Ainsi, quand P. m'a envoyé un message sur Bumble pour me demander de le rencontrer le dimanche soir, au moment même où je m'étais imposé l'interdiction d'envoyer des SMS, j'ai presque refusé. J'en avais marre des dates à ce moment-là. J’ai essayé de trouver des excuses comme « Il est tard,» « et je ne suis pas vraiment habillée ou maquillée. »
« C'est parfait, » a-t-il répondu. « Je ne suis pas maquillé non plus.»
Cette réponse m'a fait rire et j'ai accepté de le retrouver. Dès que je l'ai vu en personne, je l'ai senti.
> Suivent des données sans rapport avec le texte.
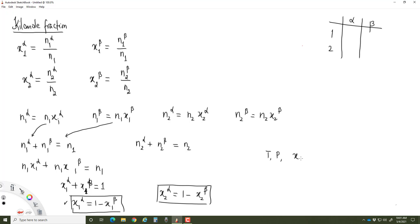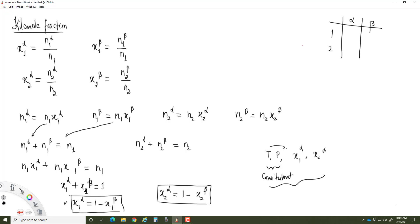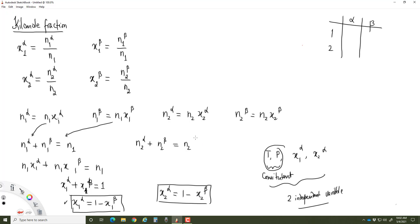Since x1α is related to x1β, and keeping the total number of moles constant, the number of independent variables is reduced to 2 from 4. Although we have 4 independent variables, by keeping these constraints constant, we now have only 2 independent variables defining the system. We can generalize this for multi-constituent and multi-phase systems, keeping T and P constant, and then derive the equilibrium condition.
Cette chose qu'on ne peut jamais ressentir, peu importe le nombre de messages qu'on échange avec une personne. Il ressemblait à ses photos, mais je l'ai trouvé encore plus attirant en vrai. Il parlait d'une voix un peu fluette et je devais me pencher vers lui pour l'entendre. Il était sensible et éloquent, plus encore que sa bio ne le laissait penser, et ce n'est que lorsque nous avons partagé un pudding à la mangue à 2 heures du matin que j'ai réalisé pour la première fois cette semaine que mon téléphone ne me manquait pas du tout.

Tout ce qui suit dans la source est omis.